Pictures with short captions:
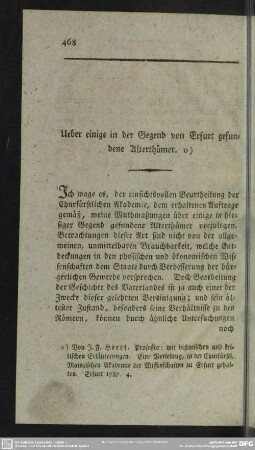 Ueber einige in der Gegend von Erfurt gefundene Alterthümer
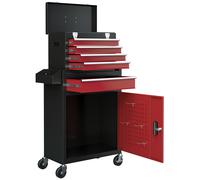 HOMCOM Carrello Porta Attrezzi con 5 Cassetti e Ruote, Cassetta Portautensili Rimovibile, Armadietto con Chiave in Acciaio, Rosso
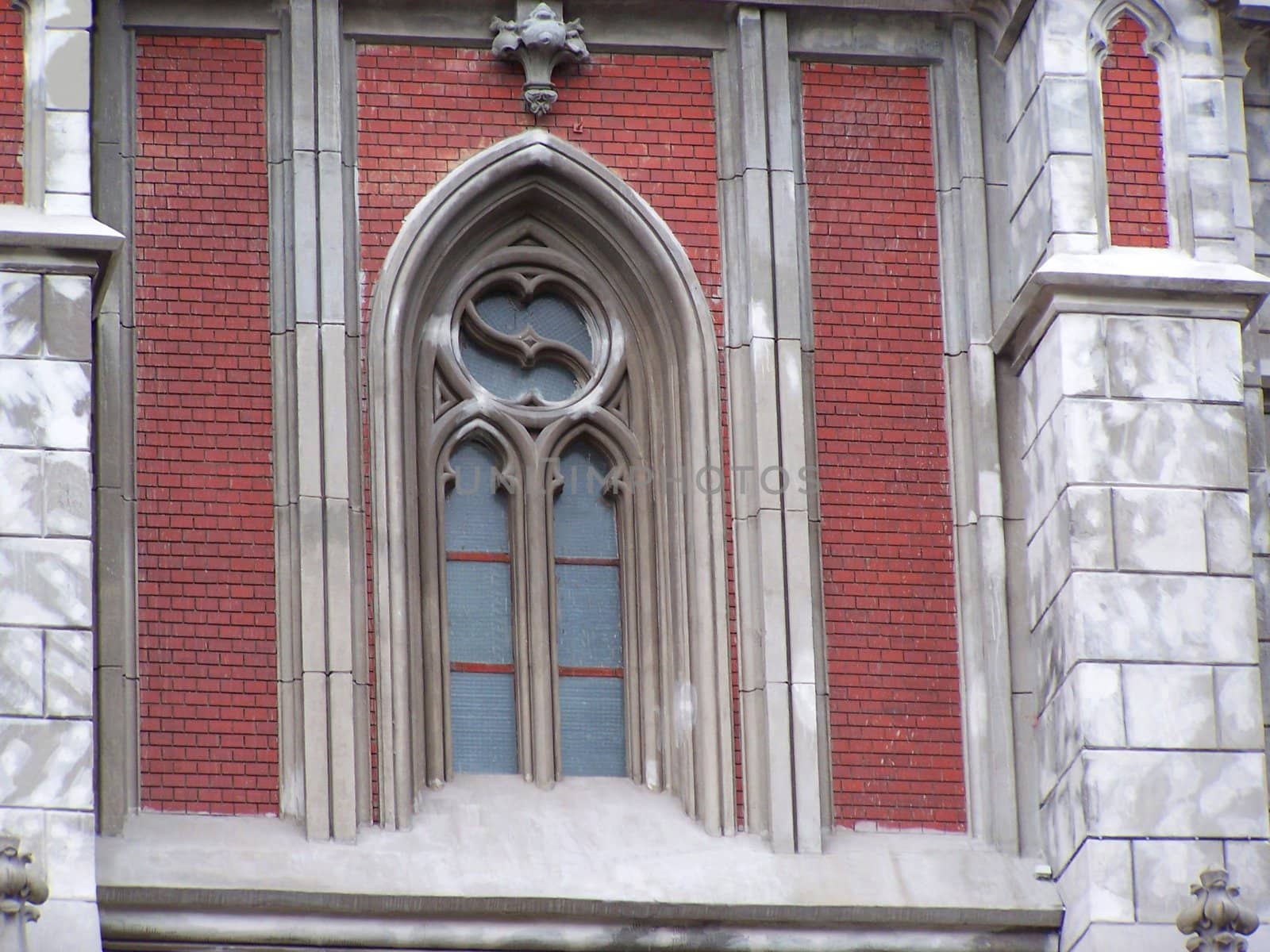 Window of the restored Polish Roman-Catholic church in Kiev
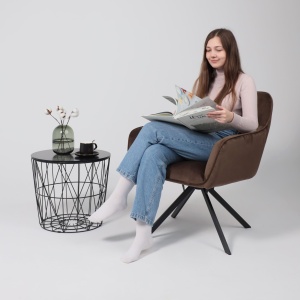 Кресло Virginia, поворотное, шоколадный, велюр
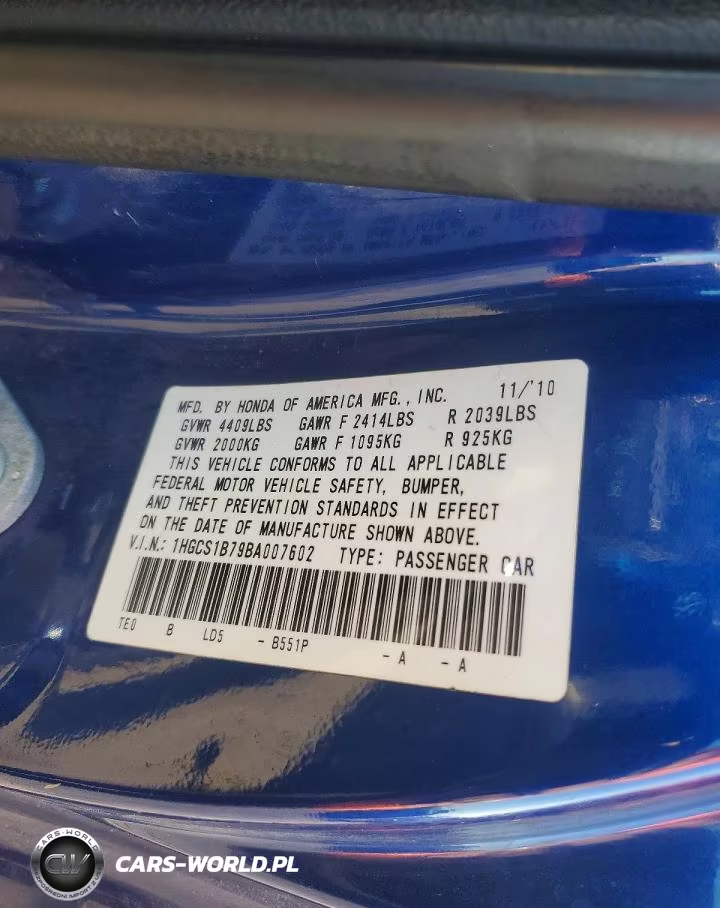 2011 Honda Accord Ex VIN:1HGCS1B79BA007602 - 12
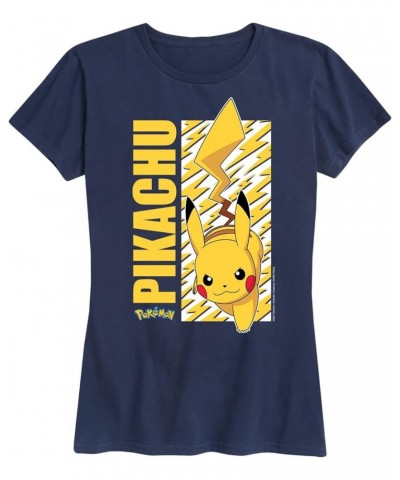 Pokémon - Best of Pikachu Women's Short Sleeve Graphic T-Shirts Pikachu Lightning Bolts - Navy $12.50 T-Shirts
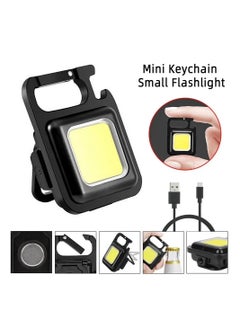 اشتري Bright Light Mini Key Chain Led Light COB 800 Lumens Outdoor Rechargeable Small Magnetic Flash Light Black في السعودية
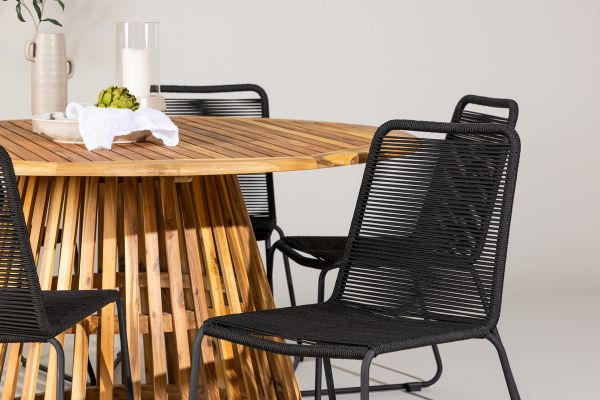 Imagine Tucumán Dining Table - Acacia ø120 +Lindos Stacking Chair - Black Alu / Black Rope _6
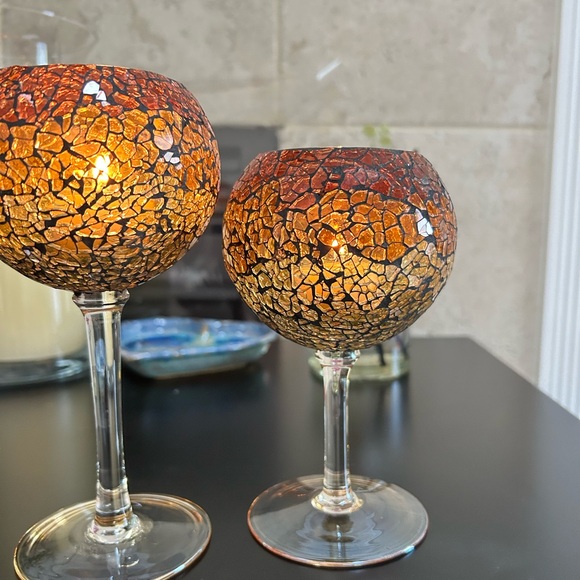 Partylite Mosaic Glass Candle Holders (3pc) - Picture 7 of 8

#### TRY IT:
Reproduce the records exactly, images excluded.

#### EXERCISE ANSWER:
 Ueber einige in der Gegend von Erfurt gefundene Alterthümer
 HOMCOM Carrello Porta Attrezzi con 5 Cassetti e Ruote, Cassetta Portautensili Rimovibile, Armadietto con Chiave in Acciaio, Rosso
 Window of the restored Polish Roman-Catholic church in Kiev
 Кресло Virginia, поворотное, шоколадный, велюр
 2011 Honda Accord Ex VIN:1HGCS1B79BA007602 - 12
 Pokémon - Best of Pikachu Women's Short Sleeve Graphic T-Shirts Pikachu Lightning Bolts - Navy $12.50 T-Shirts
 اشتري Bright Light Mini Key Chain Led Light COB 800 Lumens Outdoor Rechargeable Small Magnetic Flash Light Black في السعودية
 Imagine Tucumán Dining Table - Acacia ø120 +Lindos Stacking Chair - Black Alu / Black Rope _6
 Partylite Mosaic Glass Candle Holders (3pc) - Picture 7 of 8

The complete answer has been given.